Data records
........

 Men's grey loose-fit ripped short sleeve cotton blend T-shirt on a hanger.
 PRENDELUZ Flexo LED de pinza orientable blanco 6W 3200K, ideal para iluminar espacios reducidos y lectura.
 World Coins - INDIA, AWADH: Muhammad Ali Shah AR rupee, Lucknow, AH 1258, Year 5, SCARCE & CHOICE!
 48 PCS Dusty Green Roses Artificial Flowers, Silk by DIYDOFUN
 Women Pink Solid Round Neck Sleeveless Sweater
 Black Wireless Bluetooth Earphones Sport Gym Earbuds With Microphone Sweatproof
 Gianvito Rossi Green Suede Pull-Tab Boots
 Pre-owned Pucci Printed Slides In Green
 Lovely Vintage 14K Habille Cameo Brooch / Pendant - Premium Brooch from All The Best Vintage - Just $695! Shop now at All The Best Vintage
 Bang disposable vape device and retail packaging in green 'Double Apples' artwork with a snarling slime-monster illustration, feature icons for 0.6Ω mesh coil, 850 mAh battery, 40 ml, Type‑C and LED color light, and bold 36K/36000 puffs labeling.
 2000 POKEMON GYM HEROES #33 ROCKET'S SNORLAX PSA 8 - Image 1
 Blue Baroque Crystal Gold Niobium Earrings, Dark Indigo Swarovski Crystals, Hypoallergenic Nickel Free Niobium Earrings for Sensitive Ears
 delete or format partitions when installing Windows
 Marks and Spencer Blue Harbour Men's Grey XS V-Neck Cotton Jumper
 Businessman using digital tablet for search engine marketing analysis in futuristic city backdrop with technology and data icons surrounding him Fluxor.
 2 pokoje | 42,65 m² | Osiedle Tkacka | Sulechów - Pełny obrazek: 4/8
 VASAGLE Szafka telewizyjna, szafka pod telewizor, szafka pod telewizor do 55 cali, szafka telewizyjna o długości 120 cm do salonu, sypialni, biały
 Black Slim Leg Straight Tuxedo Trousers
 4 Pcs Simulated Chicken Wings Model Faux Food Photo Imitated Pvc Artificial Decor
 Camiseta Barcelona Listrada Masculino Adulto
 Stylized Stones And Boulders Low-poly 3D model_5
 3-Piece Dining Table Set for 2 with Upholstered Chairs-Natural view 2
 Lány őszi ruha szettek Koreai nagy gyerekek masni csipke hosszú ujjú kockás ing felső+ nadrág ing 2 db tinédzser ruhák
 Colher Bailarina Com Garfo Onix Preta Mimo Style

........

» **What to work on**: The required output is the exact run of lines from the beginning of the records to the line with "Pre-owned Pucci Printed Slides In Green", that line included.

» **Answer to the exercise**:
 Men's grey loose-fit ripped short sleeve cotton blend T-shirt on a hanger.
 PRENDELUZ Flexo LED de pinza orientable blanco 6W 3200K, ideal para iluminar espacios reducidos y lectura.
 World Coins - INDIA, AWADH: Muhammad Ali Shah AR rupee, Lucknow, AH 1258, Year 5, SCARCE & CHOICE!
 48 PCS Dusty Green Roses Artificial Flowers, Silk by DIYDOFUN
 Women Pink Solid Round Neck Sleeveless Sweater
 Black Wireless Bluetooth Earphones Sport Gym Earbuds With Microphone Sweatproof
 Gianvito Rossi Green Suede Pull-Tab Boots
 Pre-owned Pucci Printed Slides In Green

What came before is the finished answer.